My preferred way also, I made the best of both worlds and got an insert parting tool.  the insert tool works better and upside down makes it even better than that.


----------



## goldstar31 (Nov 3, 2019)

Old stuff!  I have an ancient rear inverted parting tool holder to the design of George H Thomas from originally Volume 142 of Model Engineer and published again in the Model Engineers Workshop Manual and the kit( for those who don't own a scrap box) from Hemingwaykits in the UK.

My setup is rather pretty because  the removed swarf forms into neat little rolls which drop from the tool as if by magic. 

Of course, I spent a lot of time- boring and drilling castings for the Quorn tool and cutter grinder.
For 7  old English £10 notes, I took delivery of another almost complete set of Mark One castings- to have another senior moment or two

Eventually, I will be able to take things-- in turns. A pun I will.
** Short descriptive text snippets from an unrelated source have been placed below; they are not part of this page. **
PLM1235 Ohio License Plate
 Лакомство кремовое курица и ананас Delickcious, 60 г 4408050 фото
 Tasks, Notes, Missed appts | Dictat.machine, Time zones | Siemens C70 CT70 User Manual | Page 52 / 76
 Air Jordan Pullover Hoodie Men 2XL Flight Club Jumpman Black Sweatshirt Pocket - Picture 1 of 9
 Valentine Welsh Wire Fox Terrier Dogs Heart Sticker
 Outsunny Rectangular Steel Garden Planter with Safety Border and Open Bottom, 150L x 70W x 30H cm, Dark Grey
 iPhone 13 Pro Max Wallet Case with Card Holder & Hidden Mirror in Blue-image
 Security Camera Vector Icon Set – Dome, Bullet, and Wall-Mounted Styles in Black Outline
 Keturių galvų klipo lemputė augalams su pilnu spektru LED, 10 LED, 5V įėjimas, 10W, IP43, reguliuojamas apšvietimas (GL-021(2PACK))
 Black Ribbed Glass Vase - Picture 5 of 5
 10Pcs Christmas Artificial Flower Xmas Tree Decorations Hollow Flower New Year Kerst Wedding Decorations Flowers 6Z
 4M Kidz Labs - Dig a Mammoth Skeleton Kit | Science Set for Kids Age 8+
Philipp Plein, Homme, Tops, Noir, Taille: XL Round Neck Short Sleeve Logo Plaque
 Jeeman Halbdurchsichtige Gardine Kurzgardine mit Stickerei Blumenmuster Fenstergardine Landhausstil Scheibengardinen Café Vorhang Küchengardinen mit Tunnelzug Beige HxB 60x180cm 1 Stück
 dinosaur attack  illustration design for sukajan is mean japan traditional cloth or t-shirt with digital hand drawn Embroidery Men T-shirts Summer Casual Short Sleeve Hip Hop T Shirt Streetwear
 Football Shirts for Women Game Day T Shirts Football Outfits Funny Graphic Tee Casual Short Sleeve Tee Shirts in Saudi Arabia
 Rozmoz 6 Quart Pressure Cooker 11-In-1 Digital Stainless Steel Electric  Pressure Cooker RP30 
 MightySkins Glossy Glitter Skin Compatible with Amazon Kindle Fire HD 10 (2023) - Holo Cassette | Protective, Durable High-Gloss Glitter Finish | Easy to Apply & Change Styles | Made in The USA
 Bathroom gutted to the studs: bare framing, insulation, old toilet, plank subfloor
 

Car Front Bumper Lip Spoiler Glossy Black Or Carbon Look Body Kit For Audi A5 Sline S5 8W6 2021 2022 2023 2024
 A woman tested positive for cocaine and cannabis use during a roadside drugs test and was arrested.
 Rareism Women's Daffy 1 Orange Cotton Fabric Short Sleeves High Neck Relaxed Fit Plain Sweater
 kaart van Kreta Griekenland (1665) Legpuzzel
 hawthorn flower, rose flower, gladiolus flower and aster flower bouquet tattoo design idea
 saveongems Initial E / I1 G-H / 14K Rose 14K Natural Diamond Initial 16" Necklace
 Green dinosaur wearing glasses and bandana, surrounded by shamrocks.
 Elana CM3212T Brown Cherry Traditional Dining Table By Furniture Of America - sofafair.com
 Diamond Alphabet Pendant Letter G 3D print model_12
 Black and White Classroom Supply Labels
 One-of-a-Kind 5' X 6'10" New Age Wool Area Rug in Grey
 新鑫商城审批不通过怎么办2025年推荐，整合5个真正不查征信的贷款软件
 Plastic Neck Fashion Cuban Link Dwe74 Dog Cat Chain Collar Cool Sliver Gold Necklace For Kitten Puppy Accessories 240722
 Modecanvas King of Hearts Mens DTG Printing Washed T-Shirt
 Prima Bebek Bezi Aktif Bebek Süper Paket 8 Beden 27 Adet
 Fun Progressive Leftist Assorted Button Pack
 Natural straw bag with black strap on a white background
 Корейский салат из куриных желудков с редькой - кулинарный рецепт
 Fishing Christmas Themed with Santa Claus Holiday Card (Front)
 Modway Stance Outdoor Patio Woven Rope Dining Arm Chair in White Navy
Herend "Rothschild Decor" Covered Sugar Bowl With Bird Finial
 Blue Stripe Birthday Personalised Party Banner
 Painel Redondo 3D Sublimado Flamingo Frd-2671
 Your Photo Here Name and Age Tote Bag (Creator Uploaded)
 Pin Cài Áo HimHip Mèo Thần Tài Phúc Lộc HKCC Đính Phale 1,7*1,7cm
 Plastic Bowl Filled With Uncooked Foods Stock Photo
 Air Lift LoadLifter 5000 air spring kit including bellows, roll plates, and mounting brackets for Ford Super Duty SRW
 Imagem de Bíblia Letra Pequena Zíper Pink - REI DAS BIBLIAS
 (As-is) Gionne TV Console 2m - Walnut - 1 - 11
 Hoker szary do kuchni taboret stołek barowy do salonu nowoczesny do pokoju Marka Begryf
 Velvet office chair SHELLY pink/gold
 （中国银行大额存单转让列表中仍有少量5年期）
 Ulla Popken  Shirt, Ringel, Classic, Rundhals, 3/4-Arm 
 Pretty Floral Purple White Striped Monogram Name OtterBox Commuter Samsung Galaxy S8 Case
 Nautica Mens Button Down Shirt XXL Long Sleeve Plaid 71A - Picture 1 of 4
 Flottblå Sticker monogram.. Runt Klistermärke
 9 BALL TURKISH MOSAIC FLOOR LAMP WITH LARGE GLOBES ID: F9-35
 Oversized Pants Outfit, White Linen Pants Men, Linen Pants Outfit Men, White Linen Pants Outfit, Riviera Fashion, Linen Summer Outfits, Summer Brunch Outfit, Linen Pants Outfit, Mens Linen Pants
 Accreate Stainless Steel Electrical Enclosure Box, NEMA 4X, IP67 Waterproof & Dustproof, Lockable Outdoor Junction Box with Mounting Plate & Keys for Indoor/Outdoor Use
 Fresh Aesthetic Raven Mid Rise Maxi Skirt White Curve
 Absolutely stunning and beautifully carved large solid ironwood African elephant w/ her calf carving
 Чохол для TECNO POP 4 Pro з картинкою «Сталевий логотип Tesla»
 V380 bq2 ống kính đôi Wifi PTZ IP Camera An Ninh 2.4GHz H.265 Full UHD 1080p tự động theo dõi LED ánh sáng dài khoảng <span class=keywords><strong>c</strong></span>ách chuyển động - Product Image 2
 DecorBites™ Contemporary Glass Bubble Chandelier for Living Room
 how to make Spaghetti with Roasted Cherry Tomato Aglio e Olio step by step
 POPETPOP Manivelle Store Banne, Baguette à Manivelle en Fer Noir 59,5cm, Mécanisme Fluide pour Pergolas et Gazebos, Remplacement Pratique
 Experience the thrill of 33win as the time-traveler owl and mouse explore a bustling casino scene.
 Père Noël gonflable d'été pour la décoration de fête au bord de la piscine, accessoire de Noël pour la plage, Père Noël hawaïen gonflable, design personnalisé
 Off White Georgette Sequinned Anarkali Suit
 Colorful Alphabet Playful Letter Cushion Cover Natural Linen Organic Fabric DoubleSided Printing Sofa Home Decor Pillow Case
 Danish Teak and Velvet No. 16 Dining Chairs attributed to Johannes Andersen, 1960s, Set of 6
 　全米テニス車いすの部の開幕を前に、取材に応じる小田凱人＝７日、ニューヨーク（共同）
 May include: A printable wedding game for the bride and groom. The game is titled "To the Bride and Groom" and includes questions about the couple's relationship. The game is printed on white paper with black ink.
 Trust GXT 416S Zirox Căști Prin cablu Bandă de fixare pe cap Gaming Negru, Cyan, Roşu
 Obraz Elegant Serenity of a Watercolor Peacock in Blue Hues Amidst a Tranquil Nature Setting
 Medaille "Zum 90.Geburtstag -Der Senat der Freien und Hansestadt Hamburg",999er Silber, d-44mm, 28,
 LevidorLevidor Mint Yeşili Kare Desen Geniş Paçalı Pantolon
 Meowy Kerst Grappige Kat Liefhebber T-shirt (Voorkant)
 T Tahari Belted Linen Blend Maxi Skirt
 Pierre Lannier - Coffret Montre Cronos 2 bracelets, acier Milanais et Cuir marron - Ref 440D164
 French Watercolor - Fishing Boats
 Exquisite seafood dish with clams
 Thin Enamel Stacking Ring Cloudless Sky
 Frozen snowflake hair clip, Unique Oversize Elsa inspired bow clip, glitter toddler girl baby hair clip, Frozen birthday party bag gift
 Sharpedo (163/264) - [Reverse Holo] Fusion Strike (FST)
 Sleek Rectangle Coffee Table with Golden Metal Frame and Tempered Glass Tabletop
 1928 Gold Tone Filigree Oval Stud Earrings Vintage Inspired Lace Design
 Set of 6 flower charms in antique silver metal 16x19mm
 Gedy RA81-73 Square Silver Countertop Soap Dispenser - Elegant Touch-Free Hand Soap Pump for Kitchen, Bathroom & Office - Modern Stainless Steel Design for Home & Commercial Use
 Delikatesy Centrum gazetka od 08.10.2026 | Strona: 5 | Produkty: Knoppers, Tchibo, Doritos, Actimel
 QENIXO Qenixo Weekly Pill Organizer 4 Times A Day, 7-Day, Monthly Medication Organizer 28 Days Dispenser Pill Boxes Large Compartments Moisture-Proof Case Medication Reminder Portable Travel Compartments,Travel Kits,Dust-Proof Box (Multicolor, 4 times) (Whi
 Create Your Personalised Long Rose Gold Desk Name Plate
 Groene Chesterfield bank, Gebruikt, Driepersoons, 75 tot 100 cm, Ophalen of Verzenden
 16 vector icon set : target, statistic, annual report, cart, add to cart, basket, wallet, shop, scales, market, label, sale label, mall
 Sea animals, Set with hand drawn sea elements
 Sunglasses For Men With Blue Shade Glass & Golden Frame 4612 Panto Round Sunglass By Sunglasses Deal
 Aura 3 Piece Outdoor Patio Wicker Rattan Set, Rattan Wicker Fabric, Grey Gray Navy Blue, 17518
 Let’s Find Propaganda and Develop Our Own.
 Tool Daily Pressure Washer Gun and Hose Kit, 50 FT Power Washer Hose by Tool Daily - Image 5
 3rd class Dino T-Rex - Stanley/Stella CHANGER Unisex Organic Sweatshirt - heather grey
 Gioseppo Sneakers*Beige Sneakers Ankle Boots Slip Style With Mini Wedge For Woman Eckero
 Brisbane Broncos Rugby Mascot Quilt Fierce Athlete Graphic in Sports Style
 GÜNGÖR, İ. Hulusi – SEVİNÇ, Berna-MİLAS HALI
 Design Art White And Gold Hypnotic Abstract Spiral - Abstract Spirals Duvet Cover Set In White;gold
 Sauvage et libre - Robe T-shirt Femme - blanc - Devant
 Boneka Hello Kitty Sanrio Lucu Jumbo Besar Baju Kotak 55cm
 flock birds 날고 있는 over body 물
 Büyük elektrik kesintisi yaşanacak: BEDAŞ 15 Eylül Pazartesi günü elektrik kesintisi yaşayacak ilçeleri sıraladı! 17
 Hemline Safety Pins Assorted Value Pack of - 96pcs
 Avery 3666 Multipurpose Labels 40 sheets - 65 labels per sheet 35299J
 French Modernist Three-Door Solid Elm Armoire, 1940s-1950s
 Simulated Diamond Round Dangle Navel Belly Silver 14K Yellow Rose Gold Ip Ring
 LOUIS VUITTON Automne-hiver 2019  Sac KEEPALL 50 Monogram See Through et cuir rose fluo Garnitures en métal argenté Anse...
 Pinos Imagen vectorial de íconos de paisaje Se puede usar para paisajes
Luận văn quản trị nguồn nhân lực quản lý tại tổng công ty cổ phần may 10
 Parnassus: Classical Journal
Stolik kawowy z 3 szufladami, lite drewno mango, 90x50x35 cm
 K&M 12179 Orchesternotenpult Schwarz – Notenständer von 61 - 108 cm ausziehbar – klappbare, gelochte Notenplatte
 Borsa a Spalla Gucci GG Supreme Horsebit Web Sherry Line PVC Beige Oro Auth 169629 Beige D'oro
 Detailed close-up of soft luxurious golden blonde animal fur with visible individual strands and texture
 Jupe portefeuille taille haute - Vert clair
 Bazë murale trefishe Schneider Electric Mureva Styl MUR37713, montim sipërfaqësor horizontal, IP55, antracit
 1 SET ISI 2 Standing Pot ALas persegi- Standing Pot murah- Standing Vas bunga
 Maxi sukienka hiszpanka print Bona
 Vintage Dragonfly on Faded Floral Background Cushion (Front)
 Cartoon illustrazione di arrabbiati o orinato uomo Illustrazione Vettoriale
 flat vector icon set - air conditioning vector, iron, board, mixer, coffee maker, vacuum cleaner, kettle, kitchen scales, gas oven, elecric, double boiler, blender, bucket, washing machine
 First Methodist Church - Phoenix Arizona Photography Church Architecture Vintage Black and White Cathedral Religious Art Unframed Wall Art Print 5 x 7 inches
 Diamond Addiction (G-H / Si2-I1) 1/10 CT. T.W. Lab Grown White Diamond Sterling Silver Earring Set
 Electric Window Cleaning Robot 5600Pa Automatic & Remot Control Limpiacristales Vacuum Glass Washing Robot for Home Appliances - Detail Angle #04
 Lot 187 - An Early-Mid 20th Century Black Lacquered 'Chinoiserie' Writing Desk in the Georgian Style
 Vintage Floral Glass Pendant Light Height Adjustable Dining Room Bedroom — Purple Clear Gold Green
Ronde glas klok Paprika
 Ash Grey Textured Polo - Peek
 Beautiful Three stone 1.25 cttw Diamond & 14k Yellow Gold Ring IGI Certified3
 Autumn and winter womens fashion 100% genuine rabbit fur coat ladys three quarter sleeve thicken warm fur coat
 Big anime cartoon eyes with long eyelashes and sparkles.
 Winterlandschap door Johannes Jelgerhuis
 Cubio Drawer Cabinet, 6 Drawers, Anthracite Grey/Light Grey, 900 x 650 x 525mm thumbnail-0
Well if someone can do it in Italian- why not in English?


----------



## BaronJ (Nov 3, 2019)

Hi Paul,

If you have a rear tool post with the parting tool upside down, the lathe runs in the normal direction.  However if you are running the lathe in reverse with the parting tool upside down in a front toolpost, and you have a screw on chuck, be very careful not to have a dig in.  While the risk is low, the chuck could unscrew !


----------



## goldstar31 (Nov 3, 2019)

Adding a tad to John B's very sensible reply, running in reverse can lift a saddle------ and we know what happens---------- or perhaps we don't.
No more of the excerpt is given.